* LISTED RECORDS *
------------------------------------------------------------------------
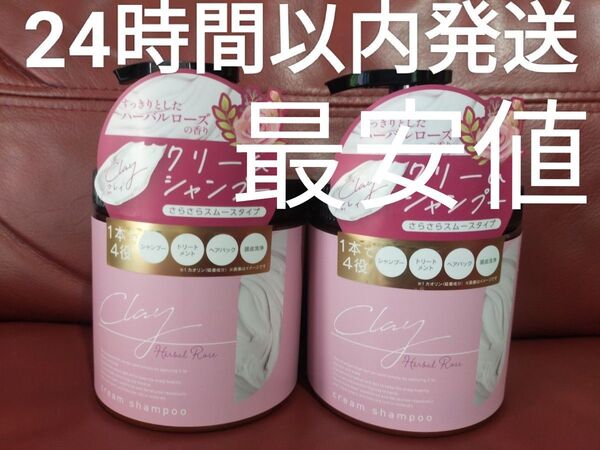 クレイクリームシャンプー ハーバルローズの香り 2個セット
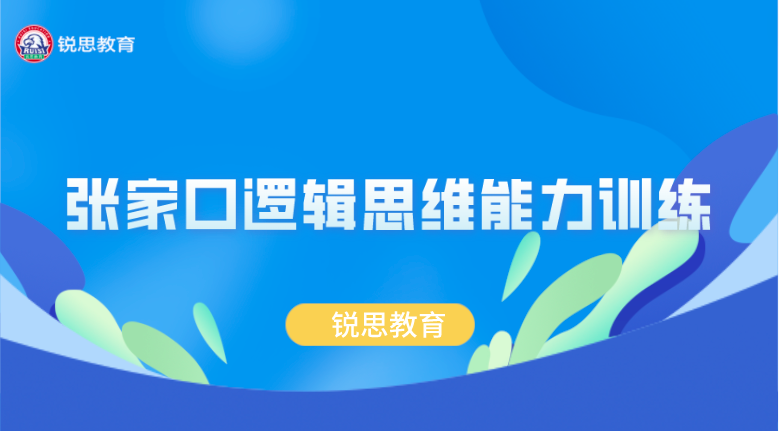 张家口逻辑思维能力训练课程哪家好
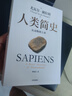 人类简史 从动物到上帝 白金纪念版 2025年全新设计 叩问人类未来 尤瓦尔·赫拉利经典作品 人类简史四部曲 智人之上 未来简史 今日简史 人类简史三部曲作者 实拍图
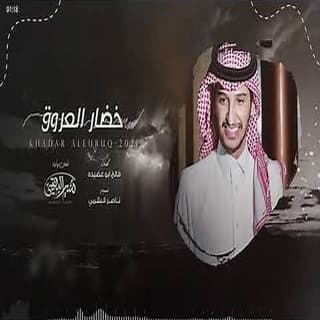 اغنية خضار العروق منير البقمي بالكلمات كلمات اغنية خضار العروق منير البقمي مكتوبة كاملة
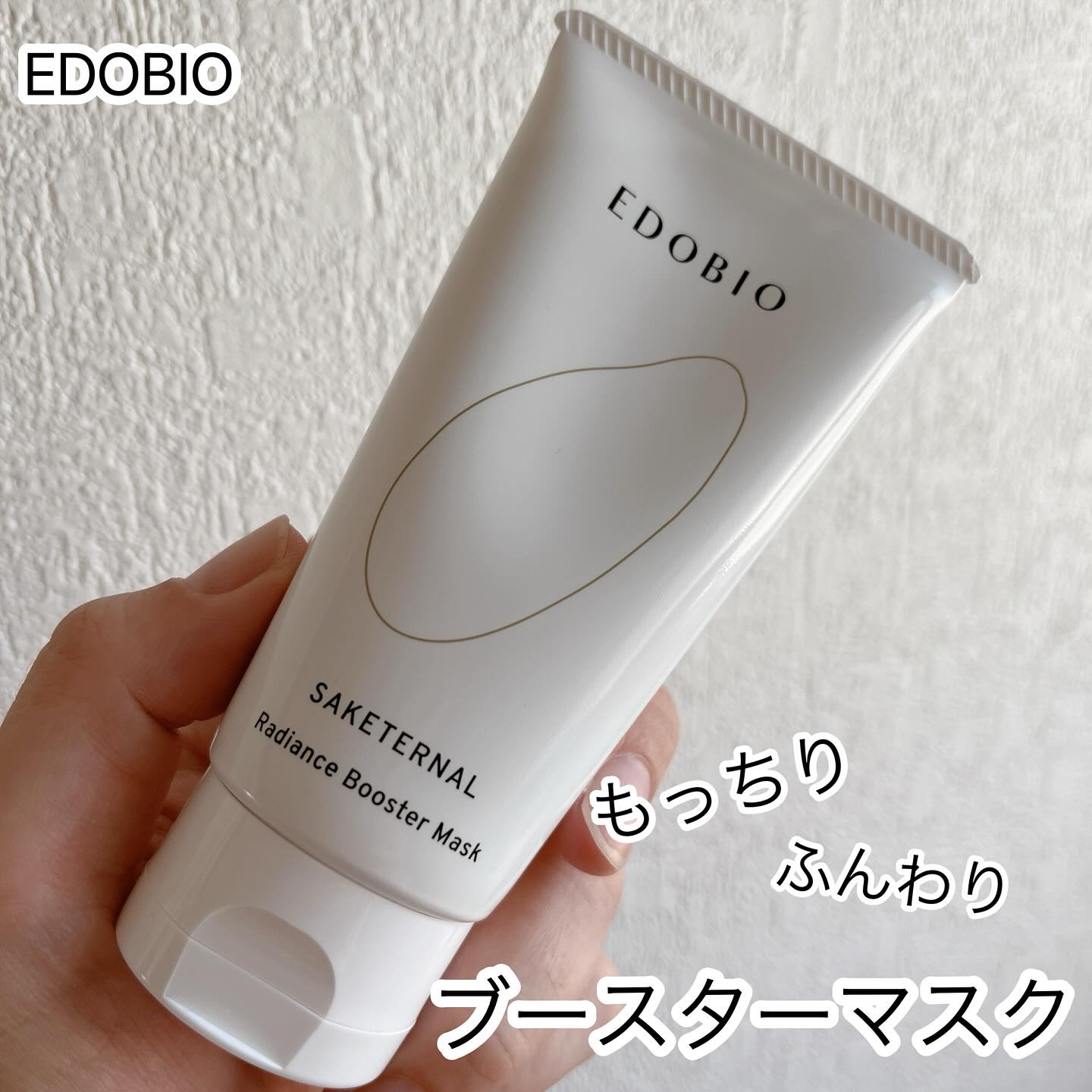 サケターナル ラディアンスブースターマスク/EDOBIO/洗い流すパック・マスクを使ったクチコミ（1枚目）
------------------------------------------------------------------------
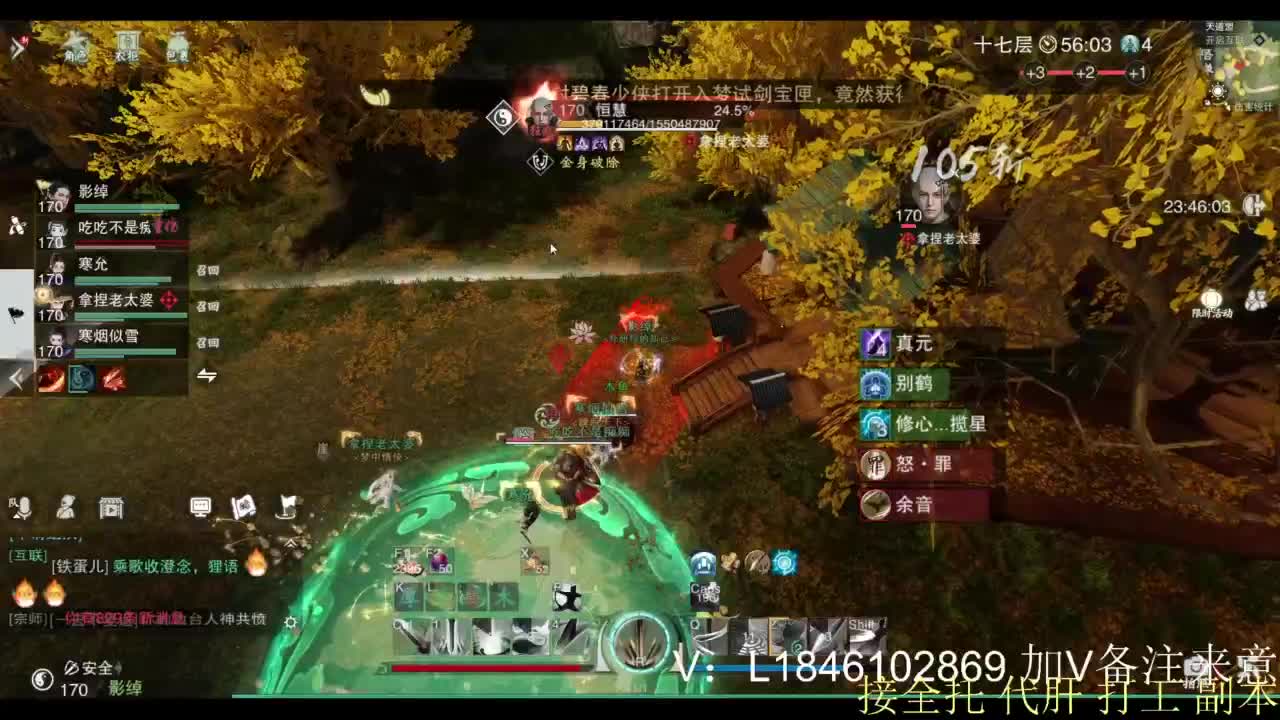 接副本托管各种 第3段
------------------------------------------------------------------------
* PROBLEM TO WORK ON *
Extract from the material above the stretch running from the line containing "クレイクリームシャンプー ハーバルローズの香り 2個セット" through the line containing "サケターナル ラディアンスブ". Keep the text exact and the pictures out.

* EXERCISE ANSWER *
 クレイクリームシャンプー ハーバルローズの香り 2個セット
 张家口逻辑思维能力训练课程哪家好
 人类简史 从动物到上帝 白金纪念版 2025年全新设计 叩问人类未来 尤瓦尔·赫拉利经典作品 人类简史四部曲 智人之上 未来简史 今日简史 人类简史三部曲作者 实拍图
 اغنية خضار العروق منير البقمي بالكلمات كلمات اغنية خضار العروق منير البقمي مكتوبة كاملة
 サケターナル ラディアンスブースターマスク/EDOBIO/洗い流すパック・マスクを使ったクチコミ（1枚目）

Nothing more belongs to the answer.